_Exercise description_
Repeat the lines from the line with "2016 Toyota Tacoma SR5 V6 Crew Cab" to the line with "2101 Brickell #1109, Miami, FL" in the listing below, keeping both end lines and adding nothing.

_Materials provided_
________________

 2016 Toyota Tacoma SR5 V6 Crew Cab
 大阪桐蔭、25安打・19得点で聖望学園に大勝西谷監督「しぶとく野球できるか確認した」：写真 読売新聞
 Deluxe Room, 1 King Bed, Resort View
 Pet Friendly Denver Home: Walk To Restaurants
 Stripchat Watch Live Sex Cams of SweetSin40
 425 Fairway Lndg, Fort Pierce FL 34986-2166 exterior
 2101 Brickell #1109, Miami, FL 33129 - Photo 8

________________

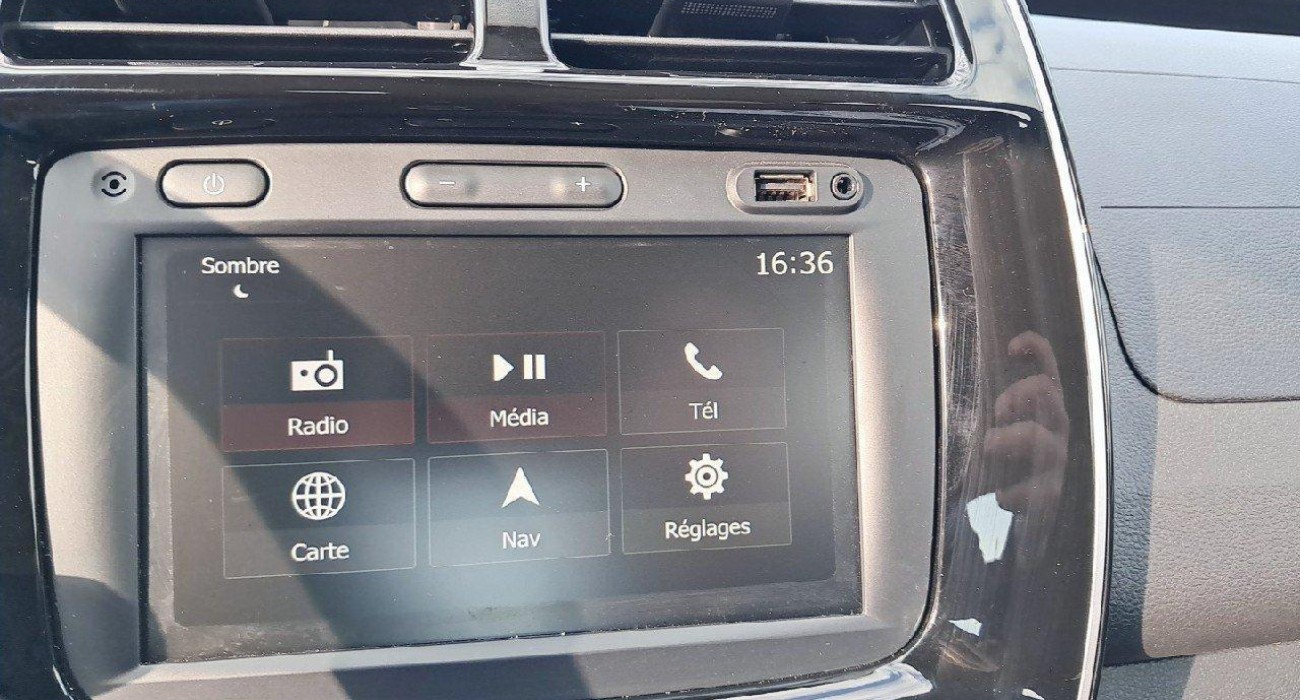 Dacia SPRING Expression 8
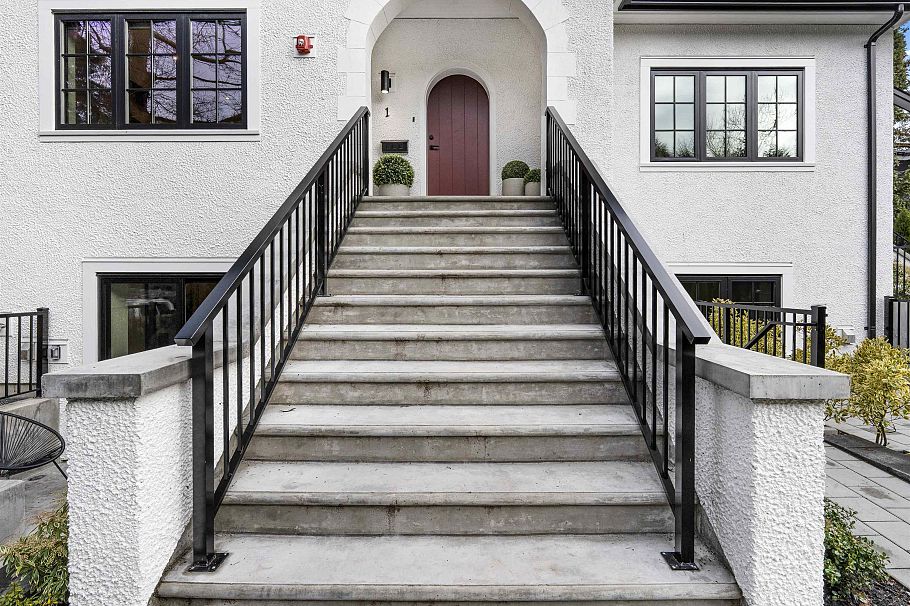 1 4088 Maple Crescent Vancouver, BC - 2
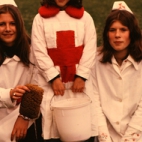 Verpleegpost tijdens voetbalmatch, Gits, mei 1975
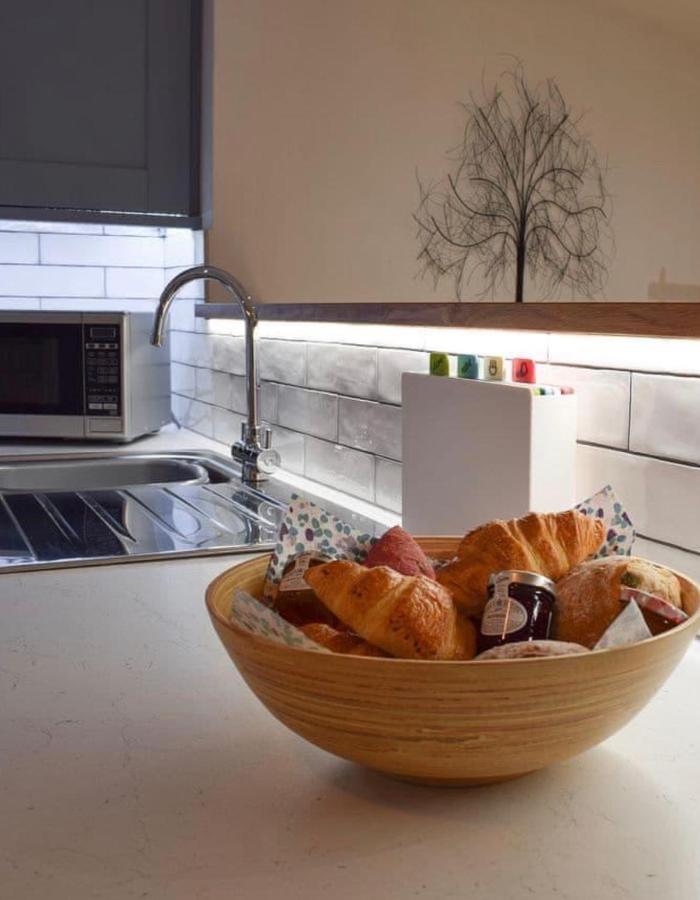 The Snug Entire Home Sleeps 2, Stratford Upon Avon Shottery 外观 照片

________________

_Final answer_
 2016 Toyota Tacoma SR5 V6 Crew Cab
 大阪桐蔭、25安打・19得点で聖望学園に大勝西谷監督「しぶとく野球できるか確認した」：写真 読売新聞
 Deluxe Room, 1 King Bed, Resort View
 Pet Friendly Denver Home: Walk To Restaurants
 Stripchat Watch Live Sex Cams of SweetSin40
 425 Fairway Lndg, Fort Pierce FL 34986-2166 exterior
 2101 Brickell #1109, Miami, FL 33129 - Photo 8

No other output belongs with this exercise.